It is clear from the facts of the case that the trial judge was not happy with the fact that this defendant was going to walk free on these serious charges and manipulated the law to avoid an ending that he was not happy with. Like it or not, Blueford had won his case and the trial court took his victory away from him. Many briefs have been filed by law professors and groups outraged that the Fifth Amendment was so clearly manipulated and violated in this case. The role of the judge is to apply the law and not make the law.
In reviewing news releases about this case I was struck at the different descriptions of the case in different news articles. One news article mentions that the jury foreperson made an “offhand remark” to the judge in open court that the jury had decided 12-0 for acquittal on the murder charges.
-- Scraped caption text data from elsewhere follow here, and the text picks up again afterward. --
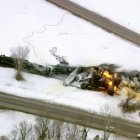 Imagen del tren descarrilado en Minnesota.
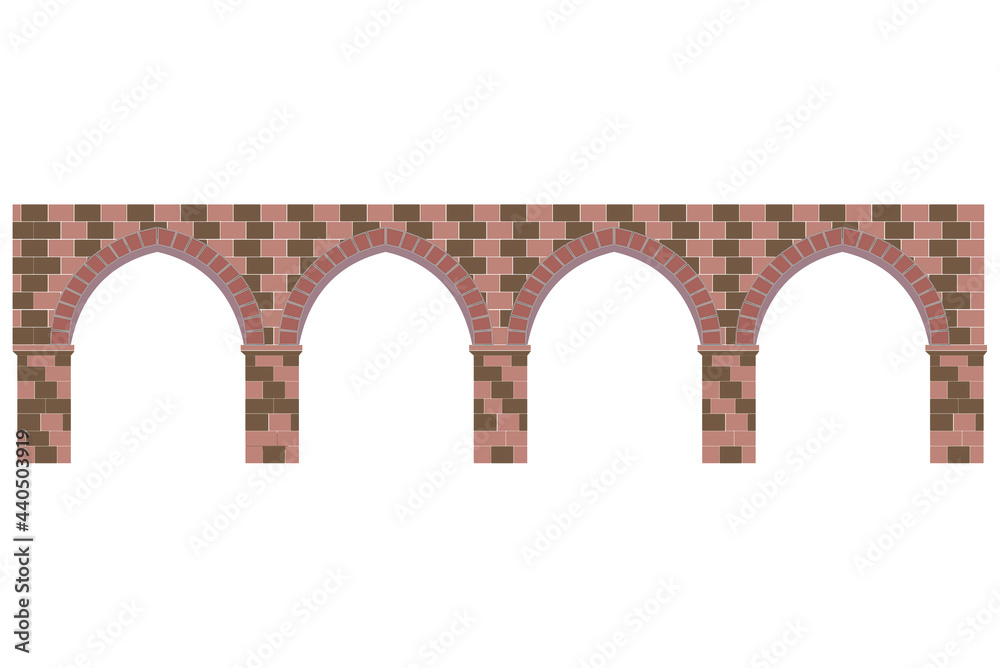 Brick arches. Masonry icons in flat style. Vector illustration on a white background.  For video games and architectural drawings. For restoration work of old historical buildings - obrazy, fototapety, plakaty 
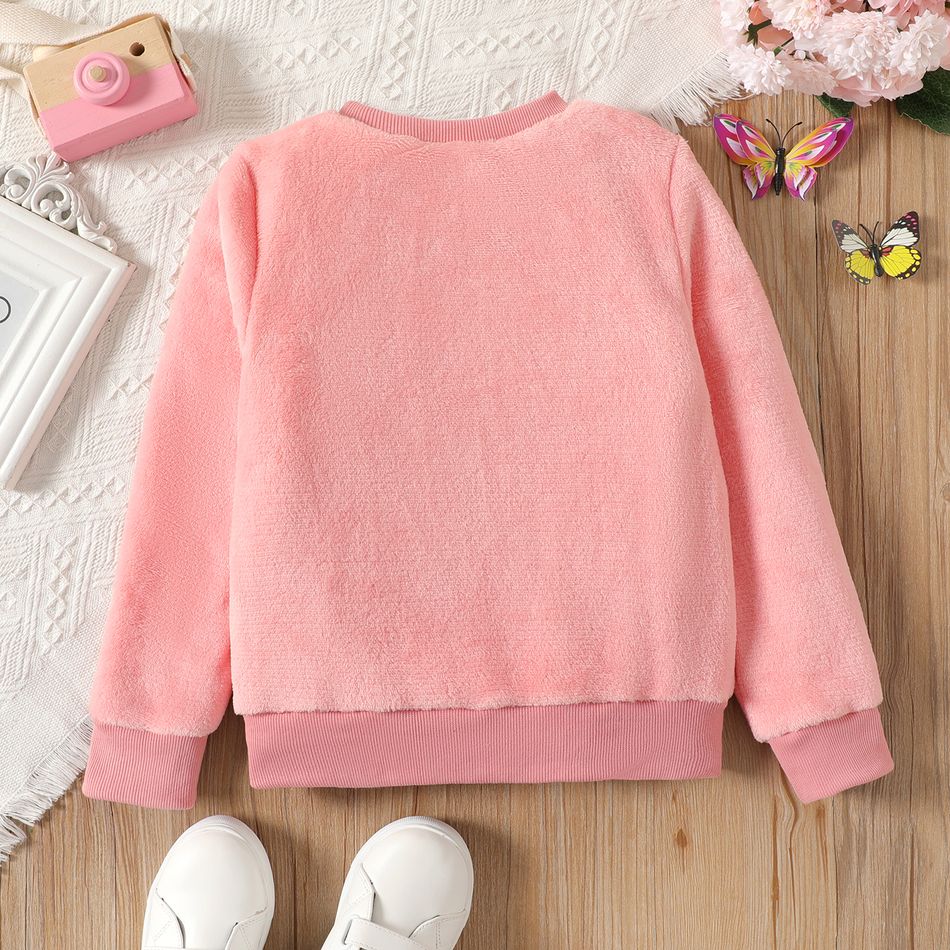 Kid Girl Butterfly Embroidered Sequin Fleece Sweatshirt Pink big image 3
But the fact is that nobody is disputing that the jury had voted 12-0 for acquittal, not even the prosecutors who are opposing Blueford’s appeal. So whether this was an “offhand remark” in open court is irrelevant. It is undisputed that the jury had found Blueford not guilty of murder. Language used in a newspaper article to minimize the importance of the fact that he was found not guilty is clearly an attempt by certain media outlets to minimize the fact that he was found not guilty by a jury of his peers. It is clear that the court was searching for legal technicalities to avoid having the jury’s verdict become final.
James Dimeas is an award winning criminal defense attorney and author with more than 24 years of experience aggressively representing his clients in criminal cases. If you have a criminal case in Illinois, contact me in Chicago (312-229-5500), DuPage and Kane (630-504-2096) or Lake (847-696-6458) for a free and confidential consultation to discuss your legal options.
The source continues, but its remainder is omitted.